Note the loaded words "your preffered dystopia" (who says whether I prefer it or not? I merely describe what's the case. You have some ethical/political point to make).

As for the answer to the question, they wont have to. People respond to the quality of the work, not who made it (and whether they used AI or chance - another popular method - or not).

In fact tons of genius artists have described themselves not as the creators but as "mere conduits", and say the music/words/etc come from "elsewhere" (implying god, some muse, some spirit, etc). Especially when they fell the most "inspired" (the word itself means "visited by the spirit").


None of those things had zero price and zero cost. The fact that the consumer didn't pay directly for them is irrelevant. You can try testing your theory by trying to sell a "painting" created by DALLE/whatever for more than a third-rate amateur painter can sell one of his. Good luck with that, especially when access to the model becomes easy.

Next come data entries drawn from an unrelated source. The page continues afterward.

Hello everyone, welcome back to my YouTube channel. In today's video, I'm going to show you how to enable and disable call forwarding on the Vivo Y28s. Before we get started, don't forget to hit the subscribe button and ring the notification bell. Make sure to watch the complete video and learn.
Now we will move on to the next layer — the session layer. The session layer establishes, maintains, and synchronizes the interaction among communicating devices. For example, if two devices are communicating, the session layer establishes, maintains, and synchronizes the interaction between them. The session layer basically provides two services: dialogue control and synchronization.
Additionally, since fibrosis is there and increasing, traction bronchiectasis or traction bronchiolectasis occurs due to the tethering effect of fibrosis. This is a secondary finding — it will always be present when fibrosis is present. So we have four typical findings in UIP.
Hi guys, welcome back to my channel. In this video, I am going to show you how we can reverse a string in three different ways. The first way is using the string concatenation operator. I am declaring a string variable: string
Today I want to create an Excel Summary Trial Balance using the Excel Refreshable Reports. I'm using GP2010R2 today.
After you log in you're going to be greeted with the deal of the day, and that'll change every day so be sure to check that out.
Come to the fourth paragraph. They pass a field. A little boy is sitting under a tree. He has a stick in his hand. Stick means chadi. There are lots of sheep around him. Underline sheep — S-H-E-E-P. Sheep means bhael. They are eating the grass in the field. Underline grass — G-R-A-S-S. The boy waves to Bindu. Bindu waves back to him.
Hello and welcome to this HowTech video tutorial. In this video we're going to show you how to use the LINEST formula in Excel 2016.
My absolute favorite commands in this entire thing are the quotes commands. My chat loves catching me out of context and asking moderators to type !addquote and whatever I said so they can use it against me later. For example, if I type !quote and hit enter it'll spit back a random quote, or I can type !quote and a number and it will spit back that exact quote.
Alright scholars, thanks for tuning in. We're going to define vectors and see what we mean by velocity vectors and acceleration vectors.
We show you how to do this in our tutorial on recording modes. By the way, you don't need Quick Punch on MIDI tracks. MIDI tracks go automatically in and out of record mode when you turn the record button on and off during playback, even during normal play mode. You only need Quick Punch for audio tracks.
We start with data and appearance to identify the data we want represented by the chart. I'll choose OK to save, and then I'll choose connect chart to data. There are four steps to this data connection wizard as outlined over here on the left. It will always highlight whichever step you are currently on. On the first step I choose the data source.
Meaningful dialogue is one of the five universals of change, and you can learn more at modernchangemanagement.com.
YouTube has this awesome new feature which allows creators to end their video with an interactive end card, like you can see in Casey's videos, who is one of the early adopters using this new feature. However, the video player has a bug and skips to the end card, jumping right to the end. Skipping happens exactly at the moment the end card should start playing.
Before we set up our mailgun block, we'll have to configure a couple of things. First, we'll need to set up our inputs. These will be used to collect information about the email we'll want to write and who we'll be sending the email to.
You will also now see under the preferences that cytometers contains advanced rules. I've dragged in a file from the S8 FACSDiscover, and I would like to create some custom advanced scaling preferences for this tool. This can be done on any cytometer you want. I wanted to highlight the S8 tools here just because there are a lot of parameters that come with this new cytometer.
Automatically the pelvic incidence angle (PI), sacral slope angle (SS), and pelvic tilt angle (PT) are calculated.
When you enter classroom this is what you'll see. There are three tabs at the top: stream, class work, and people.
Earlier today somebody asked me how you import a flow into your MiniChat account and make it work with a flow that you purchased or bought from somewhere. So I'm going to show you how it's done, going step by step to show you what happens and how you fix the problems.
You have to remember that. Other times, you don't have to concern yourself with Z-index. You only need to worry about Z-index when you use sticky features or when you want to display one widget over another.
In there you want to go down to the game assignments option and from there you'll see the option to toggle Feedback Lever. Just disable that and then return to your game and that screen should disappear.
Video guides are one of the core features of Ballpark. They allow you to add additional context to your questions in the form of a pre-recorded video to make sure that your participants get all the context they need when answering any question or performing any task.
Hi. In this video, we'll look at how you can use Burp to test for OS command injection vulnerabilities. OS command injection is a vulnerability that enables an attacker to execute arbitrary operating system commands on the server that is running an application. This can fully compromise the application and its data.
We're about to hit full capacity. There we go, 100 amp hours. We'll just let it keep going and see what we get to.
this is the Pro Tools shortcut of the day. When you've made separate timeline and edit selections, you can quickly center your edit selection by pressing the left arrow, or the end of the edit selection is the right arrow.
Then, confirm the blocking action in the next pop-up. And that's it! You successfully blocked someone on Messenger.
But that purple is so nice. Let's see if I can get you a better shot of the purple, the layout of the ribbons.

>People respond to the quality of the work, not who made it

This is so painfully incorrect and naive (and contra anything we know about the value of everything which creation has been automated before) that I think it's meaningless to continue this conversation.


>You can try testing your theory by trying to sell a "painting" created by DALLE/whatever for more than a third-rate amateur painter can sell one of his. Good luck with that, especially when access to the model becomes easy.

As if that proves anything? Sale price is irrelevant. There are paintings sold for millions that 99.9% of the people could not give less fucks for, and "amateur painter" stuff that touch most people who see them.

It's also not like a $2 million in production costs Michael Jackson song with $50M sales is "better" artistically (as opposed to commercially) than a song composed and played by some random guy on an acoustic for ~0.

>This is so painfully incorrect and naive (and contra anything we know about the value of everything which creation has been automated before) that I think it's meaningless to continue this conversation.

It was meaningless to begin with, as you don't discuss, you present your "ultimate truth" ("contra anything we know", lol).

In fact there are tons of works where the creator is anonymous (from folk music and art to early house, techno and rave music, a scene with cherished anonymity), and people respond to it just fine...


That's a lot of people to dehumanize with a single swift no true Scotsman.


> The idea of "theft" in that regard came in the last 2 or so centuries, and was enforced with artificial legal barriers and new "ethical" concepts that are neither "natural", not present for the vast majority of history

This is true for other forms of property as well, like land ownership.